Selina feels that while graffiti is a very specific topic to be interested in, there is a lot of universal human truth in Martha’s story, and that’s what people have connected with the most.
“We met on common grounds but I had no idea about other amazing projects she has been a part of. Through the film Martha: A Picture Story, people will be able to discover her love for creativity and art on the street and in public space, and the way in which people can express themselves often without access to education or the right tools,” Selina said.
“When you look at her work as a whole, it’s really inspiring. It’s a story about perseverance. She had obstacles to overcome in her life including being a woman at the time she was starting as a photographer.”
Selina feels that even if people haven’t seen Martha’s work or heard about her, they will discover something about her in the film that will captivate them.
Selina shared her experience of filming and how Martha Cooper reacted after the film was released last year.
“She was happy after watching the first screening of the film. Even though she is not a big fan of being filmed and is used to being behind the camera, she was very gracious about it,” Selina added.
She wants people to come along to the screening if they are interested in watching a documentary that is joyful and fun.

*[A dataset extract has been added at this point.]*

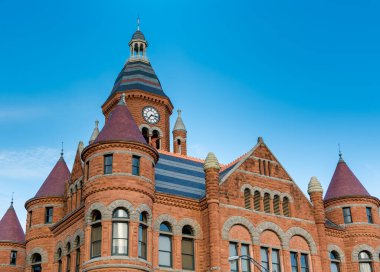 Dallas County Courthous 'un ortaçağ kırmızı taş evinin çatısında.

“You don’t need to understand graffiti to understand and appreciate Martha’s story. It is a universal story. I hope people can come along and learn more about her,” she added.
Director Selina Miles will be participating in the audience Q&A session on the opening night of her documentary Martha: A Picture Story on 21 November at the Kambri Cinema, moderated by the always-entertaining Sancho from Sancho’s Dirty Laundry.
Kambri at ANU is providing free film screenings for HERE I AM: Art by Great Women festival with screenings running for six weeks from 21 November to 18 December. Additional screenings include acclaimed documentaries and features: Henry and June (27 November), Her Sound, Her Story (3 December), Finding Vivian Maier (10 December), Marina Abramovic: The Artist is Present (11 December) and Camille Claudel (18 December).